第23話

 テントの外が明るくなり、外から足音が聞こえ始める頃、私は目を覚ました。


 野営地は何とも言えない緊張感に包まれていて、王城の朝みたいにワイワイと賑わうことはない。魔物を刺激しないようにするためか、話し声もあまり聞こえてこなかった。


 こういった状況に慣れていない私は、どうやら熟睡できなかったみたいだ。まだ頭がボーッとして、動きたくない。


 一方、同じテントに眠ったセレス様は、すでに身支度を終えている。シャキッとしているだけでなく、キビキビと動いて私の方にやってきた。


「随分とだらしないのね」

「私、朝に弱いんですよ」


 セレス様と比べたら、確実にだらけているのは間違いない。本当は目上のセレス様より早く起きなければならないが、体が素直に動いてくれそうになかった。


 しかし、そんなことがどうでもいいと感じるほど、衝撃的な出来事が起こっている。


「すごいですね。同じテントで寝たとはいえ、私の存在に気づくとは」

「どこの暗殺者の台詞よ。そういう趣味でもあるの?」

「単純に周りから認識されないタイプなので、普通に話しかけられていることに驚いています」

「あんた、本当に変わっているわね」

「影が薄い自慢、聞きます?」

「不幸自慢にしか聞こえないわ。やめてちょうだい」


 不便なこともあるけど、良いことだっていっぱいあるのになー。


「そうですか。では、もうひと眠りします」

「待ちなさい。もう集合時間の三十分前よ」


 またそれですか……。貴族という生き物は、本当に早起きが好きですね。


「安心してください。余裕を持って行動するタイプですから」

「どこがよ! 早く起きなさい!」


 アレク様よりも厳しいセレス様は、二度寝しようとする私の毛布をガバッと一気に取っ払った。


 せっかくの二度寝チャンスが……と思っている間に、セレス様が肩に手を回して優しく起こしてくれる。それだけでなく、流れるような手つきで私の髪を解かし始めた。


「どうして私があんたの世話をしなきゃいけないのよ」

「頼んでないんですが……」

「何もやりそうにないからでしょ、まったく。世話が焼ける子ね」

「これでも私にとっては余裕があるんですよ」

「普通に考えてギリギリじゃない。いつもどうしてるのよ」

「さすがに五分前には起きます。でも、最近はアレク様が起こしに来るので、三十分前に起きるようになってしまいました」


 褒め殺しで起こしてくるアレク様より、こうして朝の準備をやってくれるセレス様の方が楽だ。


 メイドさんみたいな仕事をしてくれているので、大変恐縮してしまうが……、あまり気にしてないように思える。


 むしろ、アレク様に起こされるという特殊環境に興味を持っているみたいだった。


「二人はどういう関係なの? 本当にアレクと付き合ってないのよね?」

「関係性だけで言えば、完全に赤の他人ですね」

「その割には仲が良すぎるわ。
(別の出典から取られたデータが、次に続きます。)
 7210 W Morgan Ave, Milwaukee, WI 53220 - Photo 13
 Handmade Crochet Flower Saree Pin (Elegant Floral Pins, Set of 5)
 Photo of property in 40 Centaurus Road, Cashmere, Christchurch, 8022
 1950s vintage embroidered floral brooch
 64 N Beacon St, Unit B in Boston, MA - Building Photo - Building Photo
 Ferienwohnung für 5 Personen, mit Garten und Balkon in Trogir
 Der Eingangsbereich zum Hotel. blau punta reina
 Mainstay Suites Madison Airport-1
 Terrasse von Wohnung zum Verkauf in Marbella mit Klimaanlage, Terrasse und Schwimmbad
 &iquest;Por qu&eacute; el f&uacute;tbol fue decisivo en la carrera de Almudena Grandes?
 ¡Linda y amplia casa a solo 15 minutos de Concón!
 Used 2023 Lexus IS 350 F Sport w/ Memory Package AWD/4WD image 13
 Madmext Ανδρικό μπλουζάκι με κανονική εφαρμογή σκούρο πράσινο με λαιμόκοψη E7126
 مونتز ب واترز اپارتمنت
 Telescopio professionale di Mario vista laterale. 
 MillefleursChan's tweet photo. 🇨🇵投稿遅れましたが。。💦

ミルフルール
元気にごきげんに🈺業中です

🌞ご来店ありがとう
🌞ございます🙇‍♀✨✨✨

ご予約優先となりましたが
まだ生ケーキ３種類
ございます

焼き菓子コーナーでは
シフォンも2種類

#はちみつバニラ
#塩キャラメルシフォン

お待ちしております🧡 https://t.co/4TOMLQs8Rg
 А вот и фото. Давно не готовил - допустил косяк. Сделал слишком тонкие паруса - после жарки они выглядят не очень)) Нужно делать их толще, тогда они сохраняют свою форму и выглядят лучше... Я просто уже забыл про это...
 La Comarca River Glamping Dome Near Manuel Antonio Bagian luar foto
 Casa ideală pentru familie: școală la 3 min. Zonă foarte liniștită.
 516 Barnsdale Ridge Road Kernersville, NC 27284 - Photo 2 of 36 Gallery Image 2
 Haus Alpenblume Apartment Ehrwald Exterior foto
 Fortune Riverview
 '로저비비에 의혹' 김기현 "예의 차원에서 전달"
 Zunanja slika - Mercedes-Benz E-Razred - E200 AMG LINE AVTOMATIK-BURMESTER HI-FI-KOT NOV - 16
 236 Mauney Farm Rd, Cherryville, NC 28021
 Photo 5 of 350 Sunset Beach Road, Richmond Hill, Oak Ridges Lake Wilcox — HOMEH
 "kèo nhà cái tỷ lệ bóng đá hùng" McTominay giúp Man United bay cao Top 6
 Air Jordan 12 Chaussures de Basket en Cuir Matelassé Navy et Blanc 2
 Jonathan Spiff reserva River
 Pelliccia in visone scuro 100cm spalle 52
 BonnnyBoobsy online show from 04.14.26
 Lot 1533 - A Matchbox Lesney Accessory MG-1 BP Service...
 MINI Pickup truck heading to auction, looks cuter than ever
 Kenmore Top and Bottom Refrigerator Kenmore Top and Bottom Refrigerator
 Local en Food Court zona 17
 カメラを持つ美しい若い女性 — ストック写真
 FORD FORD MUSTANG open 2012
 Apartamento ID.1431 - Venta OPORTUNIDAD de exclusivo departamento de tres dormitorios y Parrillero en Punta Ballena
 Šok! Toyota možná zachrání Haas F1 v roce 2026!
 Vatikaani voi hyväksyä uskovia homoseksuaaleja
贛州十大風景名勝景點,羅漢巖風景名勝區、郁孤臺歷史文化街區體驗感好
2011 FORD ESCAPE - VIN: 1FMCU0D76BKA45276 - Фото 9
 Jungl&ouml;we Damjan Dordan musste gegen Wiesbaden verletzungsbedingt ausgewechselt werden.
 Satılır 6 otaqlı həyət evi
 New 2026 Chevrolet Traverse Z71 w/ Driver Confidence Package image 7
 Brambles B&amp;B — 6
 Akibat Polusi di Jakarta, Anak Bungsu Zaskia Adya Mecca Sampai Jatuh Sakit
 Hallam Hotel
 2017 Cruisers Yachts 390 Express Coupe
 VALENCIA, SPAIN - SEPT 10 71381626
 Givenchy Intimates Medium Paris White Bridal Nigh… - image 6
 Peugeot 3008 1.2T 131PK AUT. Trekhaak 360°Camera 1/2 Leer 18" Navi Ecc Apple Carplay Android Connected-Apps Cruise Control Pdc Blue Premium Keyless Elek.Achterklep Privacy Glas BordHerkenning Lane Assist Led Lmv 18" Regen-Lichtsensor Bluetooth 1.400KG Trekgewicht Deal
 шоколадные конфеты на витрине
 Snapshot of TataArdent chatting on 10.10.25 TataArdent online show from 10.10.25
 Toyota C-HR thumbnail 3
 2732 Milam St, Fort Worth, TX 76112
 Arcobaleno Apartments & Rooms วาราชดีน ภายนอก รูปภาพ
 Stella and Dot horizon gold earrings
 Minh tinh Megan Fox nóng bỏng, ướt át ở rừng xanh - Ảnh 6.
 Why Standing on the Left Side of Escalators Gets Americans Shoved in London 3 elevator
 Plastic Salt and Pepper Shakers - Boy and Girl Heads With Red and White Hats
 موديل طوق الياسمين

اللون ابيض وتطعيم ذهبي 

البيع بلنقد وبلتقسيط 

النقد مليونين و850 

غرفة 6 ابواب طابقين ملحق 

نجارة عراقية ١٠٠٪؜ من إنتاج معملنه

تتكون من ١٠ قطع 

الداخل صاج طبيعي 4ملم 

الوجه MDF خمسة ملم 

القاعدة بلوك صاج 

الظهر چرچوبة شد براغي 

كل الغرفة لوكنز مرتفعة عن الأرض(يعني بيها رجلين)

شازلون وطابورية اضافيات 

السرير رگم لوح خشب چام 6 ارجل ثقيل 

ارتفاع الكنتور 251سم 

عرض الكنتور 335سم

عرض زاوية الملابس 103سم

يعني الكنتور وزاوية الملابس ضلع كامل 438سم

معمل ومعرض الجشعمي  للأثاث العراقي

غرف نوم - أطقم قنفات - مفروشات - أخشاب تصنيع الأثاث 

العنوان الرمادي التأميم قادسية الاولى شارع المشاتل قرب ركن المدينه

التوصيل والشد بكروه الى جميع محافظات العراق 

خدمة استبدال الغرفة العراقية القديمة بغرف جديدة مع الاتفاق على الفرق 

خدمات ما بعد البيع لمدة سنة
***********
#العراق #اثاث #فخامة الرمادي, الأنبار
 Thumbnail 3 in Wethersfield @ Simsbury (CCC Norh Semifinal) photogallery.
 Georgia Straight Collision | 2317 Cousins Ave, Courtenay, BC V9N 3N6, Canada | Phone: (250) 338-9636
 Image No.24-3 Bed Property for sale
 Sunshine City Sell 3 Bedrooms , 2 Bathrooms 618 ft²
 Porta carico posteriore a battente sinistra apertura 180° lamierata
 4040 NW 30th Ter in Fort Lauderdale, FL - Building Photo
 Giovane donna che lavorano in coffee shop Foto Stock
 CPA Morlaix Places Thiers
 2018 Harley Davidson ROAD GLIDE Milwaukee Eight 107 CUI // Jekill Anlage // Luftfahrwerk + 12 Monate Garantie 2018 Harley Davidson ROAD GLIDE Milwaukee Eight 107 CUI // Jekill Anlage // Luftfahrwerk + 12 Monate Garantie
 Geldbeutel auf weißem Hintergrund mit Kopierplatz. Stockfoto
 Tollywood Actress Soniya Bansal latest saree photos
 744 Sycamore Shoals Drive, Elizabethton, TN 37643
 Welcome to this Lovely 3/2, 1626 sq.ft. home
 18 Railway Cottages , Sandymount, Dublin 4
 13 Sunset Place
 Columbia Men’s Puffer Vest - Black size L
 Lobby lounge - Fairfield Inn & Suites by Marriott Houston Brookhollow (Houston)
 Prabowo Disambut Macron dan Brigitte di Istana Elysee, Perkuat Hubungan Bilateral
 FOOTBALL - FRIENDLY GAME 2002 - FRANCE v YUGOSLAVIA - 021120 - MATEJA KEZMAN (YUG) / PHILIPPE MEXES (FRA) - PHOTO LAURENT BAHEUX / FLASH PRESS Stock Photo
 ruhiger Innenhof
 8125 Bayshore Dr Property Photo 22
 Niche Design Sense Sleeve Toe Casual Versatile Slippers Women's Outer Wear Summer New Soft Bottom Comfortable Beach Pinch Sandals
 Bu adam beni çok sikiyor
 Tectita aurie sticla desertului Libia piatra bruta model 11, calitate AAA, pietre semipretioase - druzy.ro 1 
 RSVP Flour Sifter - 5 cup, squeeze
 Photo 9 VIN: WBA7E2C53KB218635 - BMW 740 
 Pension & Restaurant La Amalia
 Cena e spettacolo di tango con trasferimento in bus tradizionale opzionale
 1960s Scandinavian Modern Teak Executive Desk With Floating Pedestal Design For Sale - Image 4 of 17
アレクは誰かの下に就くような人間でもないし、身分が違いすぎるもの。あ~ん、なんて、私でもされたことなかったのよ」


 唐突に変なことを言われて、うまく理解できなかった。私は子供扱いされて、あ~ん、をしてもらっただけにすぎないのだが。


「どういう意味ですか?」

「ああー、知らないのね。私、アレクの元婚約者なのよ」


 セレス様の言葉を聞いた瞬間、胸がズキッと痛み始める。


 思わず胸に手を当てるが、傷を負った気配はない。心臓や骨も異常がなさそうなので、また心の虫歯が原因のようだ。


 どうして今の言葉で心が痛んだのだろうか。急にソワソワして落ち着かないし、心がモヤモヤする。うーん……魔力に異常はなさそうだけど。


 何とも言えない感情に支配されていると、セレス様がニヤリと不敵な笑みを浮かべていた。


「アレクと恋仲ではなかったとしても、片思いではあったりするのかしら」


 セレス様は大きな勘違いをされているみたいだ。いくらアレク様が距離感を間違えてこようとも、私が彼に恋をするはずがない。


 なんといっても、婚約者予定の兄なのだから。


「誤解されないように言っておきますが、アレク様の弟の婚約者候補という立場になったら、兄という監視がついただけです」

「……いや、余計に話が見えなくなったわ。言葉の意味が一つも理解できなかったもの」

「そう言われてもですね、実際そうなんですよ」

「気になるじゃない。流動食になるくらい話を嚙み砕いてから説明しなさい」


 とても細かい経緯まで要求されている気がするが、うちの実家の状況は話したくないので、かいつまんで話す形にしよう。


 まだまだ時間があったので、今までの経緯を簡単に説明すると、セレス様は納得するように頷いていた。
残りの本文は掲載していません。